Veteran Italian Maestro Alberto Veronesi protested what he believed was the politicization of the La Bohème production that he was set to conduct. In accordance to the opera's tradition of backstage melodrama, the situation only escalated from there.

Italian Maestro conducting an orchestra blindfolded.

Italian Maestro Alberto Veronesi conducting Giacomo Puccini's La Bohème blindfolded.

Valeria Berghinz

Oh the opera, with its powerful voices and high emotions.The melodrama built in to the art form has also been known to play out backstage — and then, the rare occasion when it's pushed back out in the spotlight.

This time, the stage was set in the Tuscan seaside town of Viareggio, where the 69th edition of the Festival Puccini, a celebration of Italian composer Giacomo Puccini's most famous works, kicked off last Friday with a bonafide coup de théâtre.

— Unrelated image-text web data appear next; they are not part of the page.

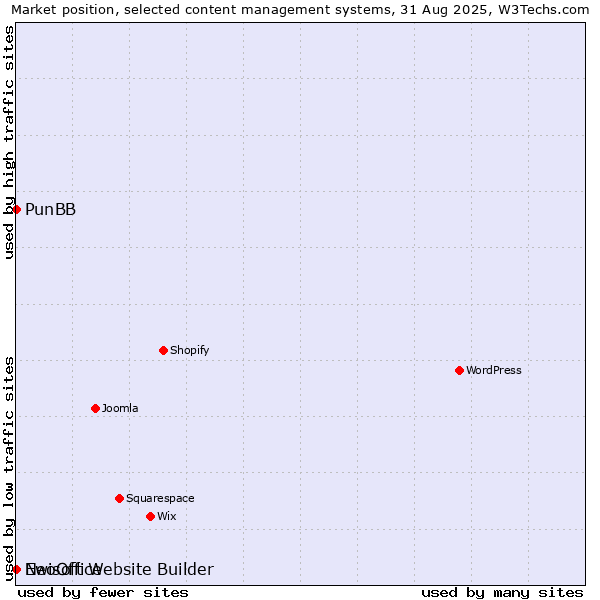 Market position of PunBB vs. Ewisoft Website Builder vs. NeoOffice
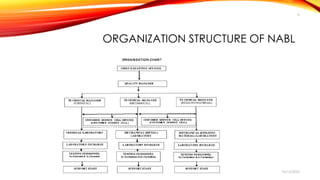 Naeb Structure National Accreditation Board For Testing and Calibration Laboratories ...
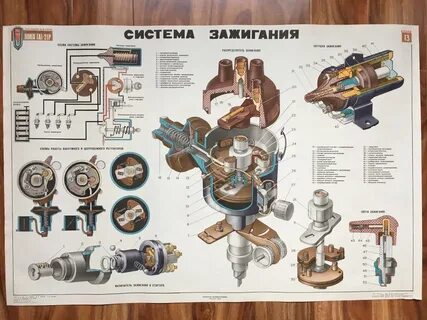 Ремонт системы зажигания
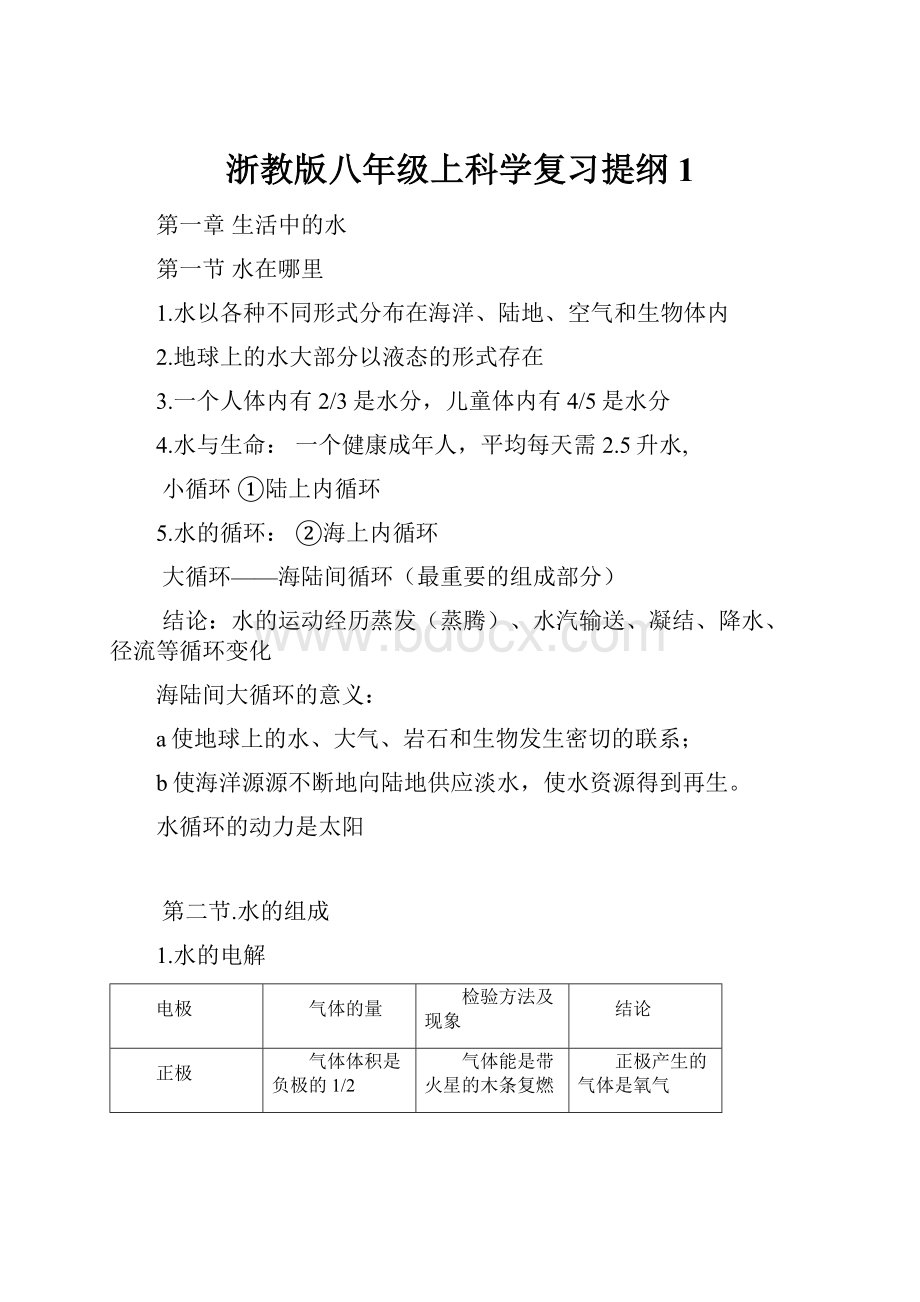 浙教版八年级上科学复习提纲1.docx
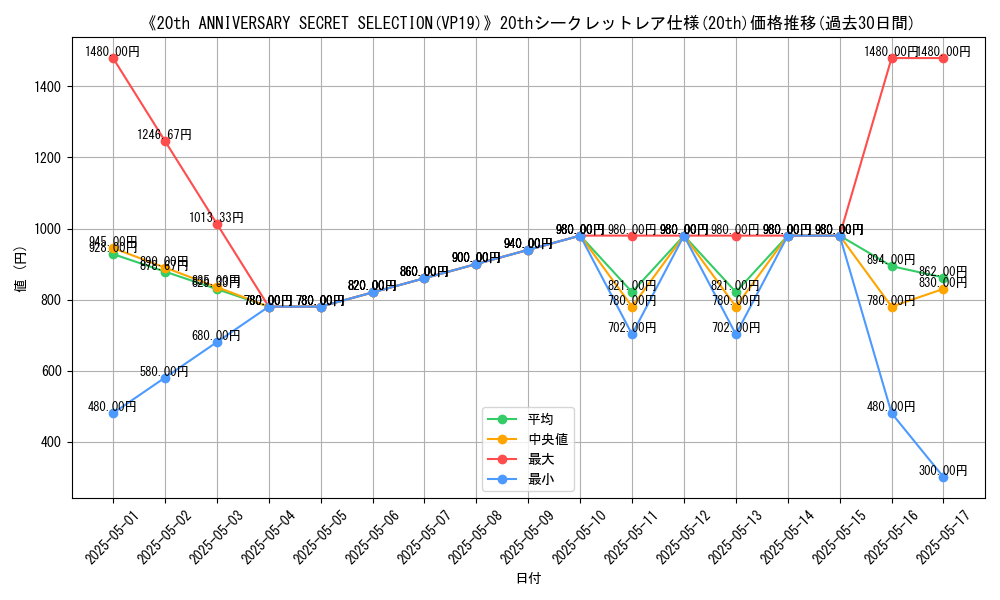 graph_rarity_5969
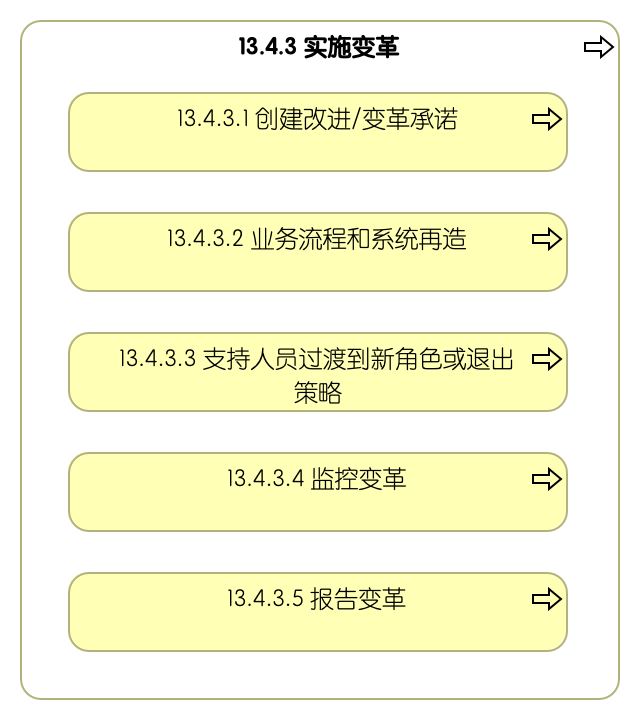 13.4.3 实施变革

The opening opera was Puccini’s iconic La Bohème, a four-act tale set in 1830s Paris following the bohemian lifestyle of a poor seamstress and her friends. But after the French director of the current production decided to change the setting of the story to take place during the leftist student protests in France in May 1968, the Italian conductor protested by arriving on stage blindfolded.

Act of rebellion

Alberto Veronesi, who has long worked as an opera conductor at the Festival Puccini, was opposed to director Christophe Gayral's changing the setting to 1968 as an act of "political propaganda." With his criticism ignored, Veronesi came on stage with his baton in hand and a black blindfold tightened around his head.

The crowd of opera buffs reacted with shouts of “Scemo!” (Idiot!), “Buffone!” (Clown!). Yet Veronesi was undeterred, and proceeded to direct the orchestra through the entire opera — and then boasted of his blind virtuosity after the performance. “Who says that one needs eyes to conduct?," noting that legendary maestro Herbert von Karajan would always perform with his eyes closed.

It was an impeccable night.

"I kept my blindfold on for the first two acts. Afterwards my eyelids started hurting, so I poked little holes through the fabric. Still, from a musical standpoint, it was an impeccable night.”

Gayral, a French director who has worked in both theater and the opera, said he was inspired by the student protests of ‘68 which were fundamental to the country’s recent social and political history, which could be linked to Puccini’s explorations of youth, love, and hardship.

People standing with signs at the Puccini Festival.

La Bohème at the Puccini Festival.

Puccini Festival

Act two

But the drama has only just begun. With three more scheduled performances of Gayral’s edition of La Bohème, set for July 29th, August 10, and August 25, Veronesi has been dismissed, via an email by the president of the festival, Luigi Ficacci.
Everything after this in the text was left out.